When U.S. markets opened, NASDAQ dropped -5% — something not seen since the 2020 pandemic. Risk aversion was everywhere, but the effects were different by sector: tech got hit hard (-6%), while some areas, like consumer goods, even turned positive. In the middle of this uncertainty, and with the VIX climbing, something odd happened: the Dollar, U.S. Treasury bonds, and Gold fell. How can we explain that?
Later in the day, OPEC responded by announcing increased oil production (expecting lower global GDP and falling demand), which led WTI to fall — directly hitting PETR4 in Brazil.

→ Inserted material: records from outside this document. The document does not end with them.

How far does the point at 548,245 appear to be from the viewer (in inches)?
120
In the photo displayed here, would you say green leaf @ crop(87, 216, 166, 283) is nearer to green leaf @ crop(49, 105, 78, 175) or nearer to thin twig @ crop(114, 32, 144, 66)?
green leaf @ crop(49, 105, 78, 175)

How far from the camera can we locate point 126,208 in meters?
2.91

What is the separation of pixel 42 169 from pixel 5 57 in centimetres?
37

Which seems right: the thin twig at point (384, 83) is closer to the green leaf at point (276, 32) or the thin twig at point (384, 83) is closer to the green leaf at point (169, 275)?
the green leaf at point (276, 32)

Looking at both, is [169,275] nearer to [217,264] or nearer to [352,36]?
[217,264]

There was some capital flow into emerging markets. Brazil and South Africa stayed stable, while India suffered less. But Argentina crashed -2.5%, even though its situation looked more like Brazil’s. Let’s remember that in the 2008 crisis, emerging markets also showed more strength.
In Brazil, the futures index rose by +1%, while the spot market stayed flat. Still, heavy Ibovespa stocks like Petrobras and Vale fell sharply because of falling oil and iron ore prices. On the other hand, B3 shares rose +2%. Despite the inflationary and chaotic scenario, the future interest rate curve (DI1) closed significantly — with some points falling by around -50bps. Surprisingly, the Real gained strength against the Dollar, hitting its lowest level in five months (1 USD = 5.59 BRL) — good news for Brazilians.
Now, alarm bells are ringing again about possible stagflation in the U.S., and the risk of a recession.
Who could have predicted a situation like this? That’s why I believe we should more humble when trying to argue how credible or likely a stress scenario is. This is a perfect example of how correlations can break down when chaos hits.